Daarna ga je aan de slag met de vaardigheids-leerdoelen om je les voor te bereiden.

Inhoudelijk

Aan het eind van de periode ken je...

  • de ontstaangeschiedenis de Islam.
  • de rol van Mohammed binnen het ontstaan van de Islam.
  • de termen Soennieten en Sjiieten en kun je uitleggen wie dit zijn, wat de verschillen zijn en hoe de splitsing is ontstaan. 
  • de Vijf Zuilen en kun je benoemen wat ze inhouden.
  • actuele gebeurtenissen die je kunt koppelen aan de Islam.

Vaardigheden

Aan het eind van de periode kan je...

  • een boodschap formuleren en deze helder overbrengen aan de klas.
  • een les voorbereiden met een introductie, kern (met activiteit) en afsluiting.
  • een werkvorm bedenken en voorbereiden waarmee je de klas actief aan het werk zet met het onderwerp.
  • een concreet voorwerp of persoon onderdeel maken van jouw les.

1. Ontstaan

Leerdoel
Aan het eind van deze periode ken je de ontstaansgeschiedenis van de Islam en weet je wat de rol van Mohammed hierin is.
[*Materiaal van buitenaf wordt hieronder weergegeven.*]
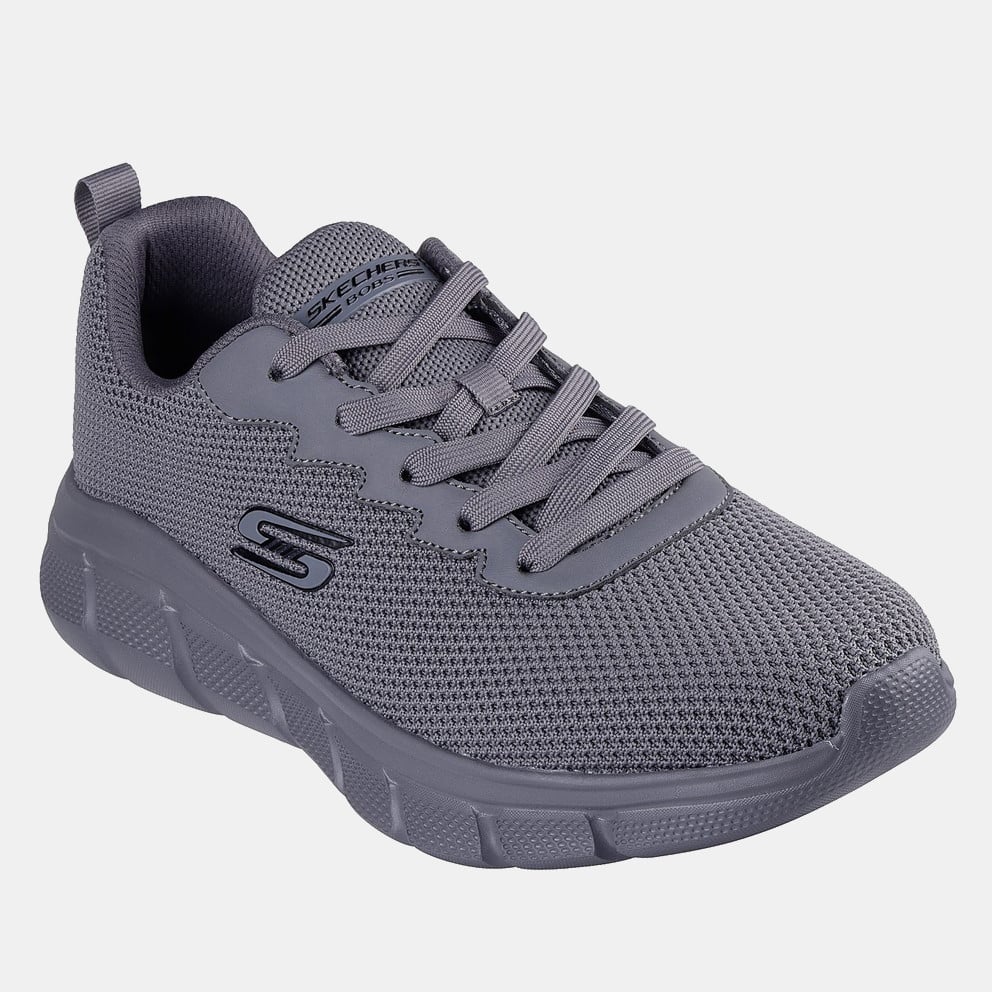 Skechers Chill Edge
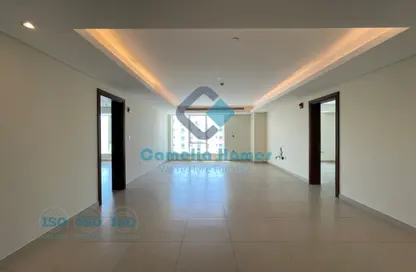 Apartment - 2 Bedrooms - 3 Bathrooms for rent in Muntazah 7 - Al Muntazah - Doha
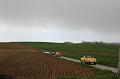 MG Bloesemrit op 24-4-2016 org. Jos&Marie-lou  (290)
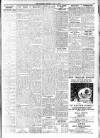 Lincolnshire Standard and Boston Guardian Saturday 03 May 1924 Page 7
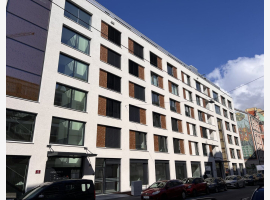 Premium Property Image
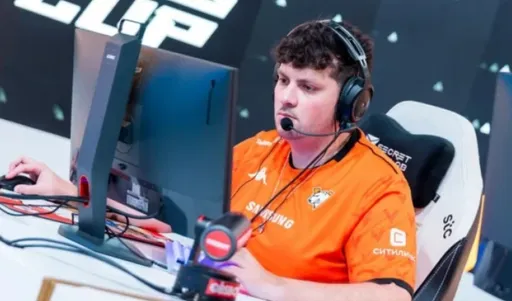 Perfecto: Virtus.pro оставила в прошлом пропуск мейджора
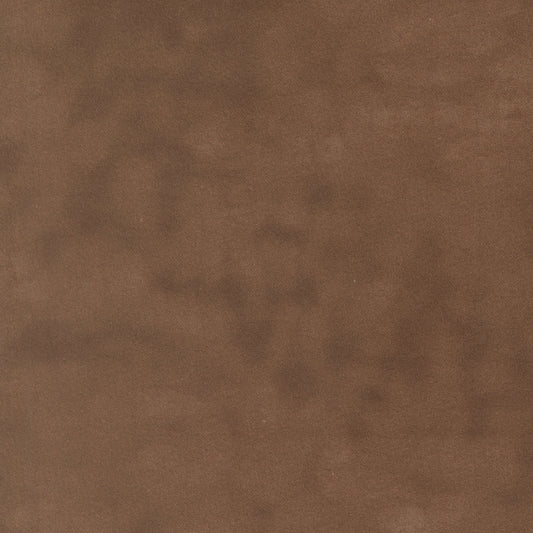 Flannel Gatherings Basics by Primitive Gatherings - 1040 103F Cocoa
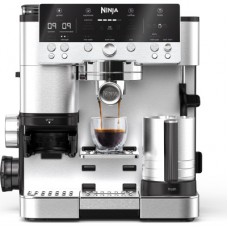 Кавомашина Ninja ES601EU - Фото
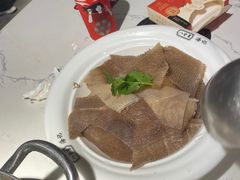 -八合里牛肉火锅(深圳龙华硅谷店)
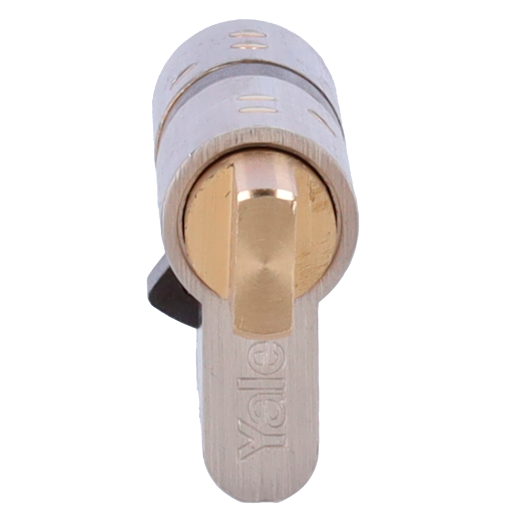 YALE-CYLINDER-HSK-3530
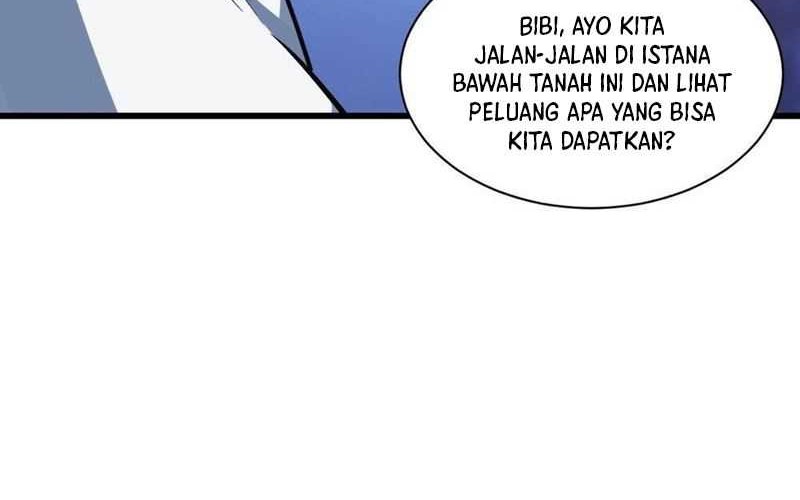 Halaman 48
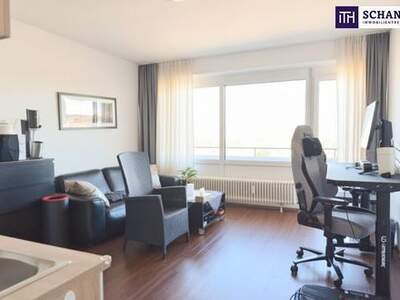 Wohnung kaufen in 8041 Graz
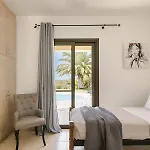 Vila Helios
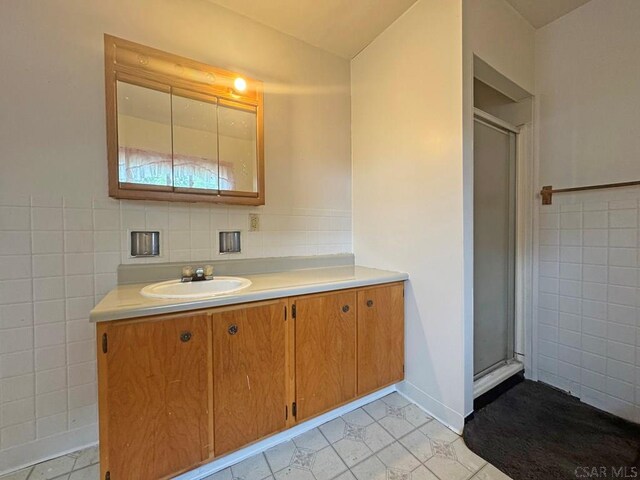 549 Ash St, Central City, PA 15926 - photo 13
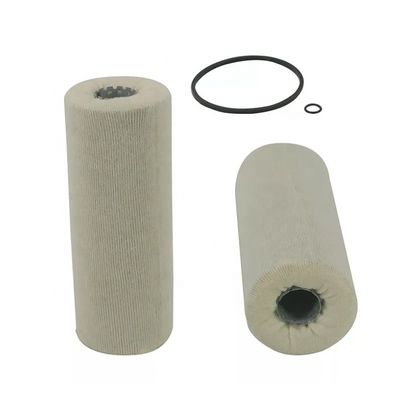 Τμήματα ντίζελ για ελκυστήρες Μέρος φίλτρου καυσίμου 3I1194 FF26 AU42727 FF550552 688516 5575032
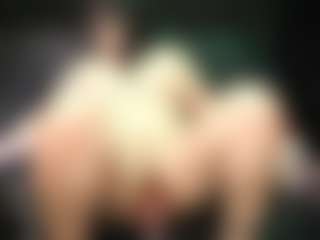 Live cam show with EvaCrux - Hairy Pussy on Cam Slut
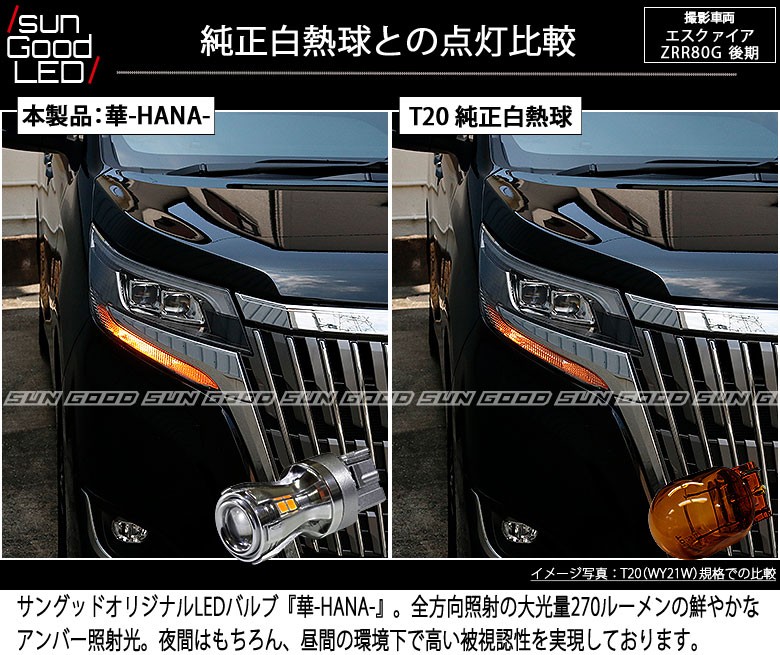 有名人芸能人 キタコ Kitaco スロットルケーブル スクーター Vmf26 Pwkf28用 レッド 905 Twocousinspizzaep Com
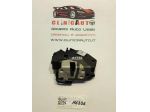 SERRATURA ANTERIORE DESTRA FORD Focus Berlina 5° Serie BM5A-A21812-BG T7DB  &hellip;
Doorloop stap 1 en stap 2 om dit leerdoel te behalen.

Stap 1

Bekijk het onderstaande filmpje over de ontstaansgeschiedenis van de Islam. Maak aantekeningen over hoe de Islam ontstaan is, hoe het zich verspreid heeft en wat de rol van Mohammed is geweest.

Stap 2

Ga op zoek naar iemand die verstand heeft van de Islam. Verzamel bij deze persoon informatie. Doe dit bijvoorbeeld door een interview af te nemen.

Tip: neem het interview op, zodat je het filmpje wellicht kan gebruiken in je les

Samenvattend

Check of je de volgende zaken weet:

  • Je weet hoe de Islam is ontstaan en zich verspreid heeft
  • Je kent de rol van Mohammed binnen (het onstaan van) de Islam
  • Je weet wat algemene zaken te vertellen over de Islam

2. Personen en gebeurtenissen

Leerdoel
Aan het eind van deze opdrachten ken je termen Soennieten en Sjiieten en kun je uitleggen wie dit zijn, wat de verschillen zijn en hoe de splitsing is ontstaan.

In je eigen les verwerk je in ieder geval twee personen en een gebeurtenis. Eén persoon heb je al in het vorige onderdeel besproken: Mohammed. In dit onderdeel ga je in op de Soennieten en de Sjiieten, en de splitsing die is ontstaan tussen deze twee groepen.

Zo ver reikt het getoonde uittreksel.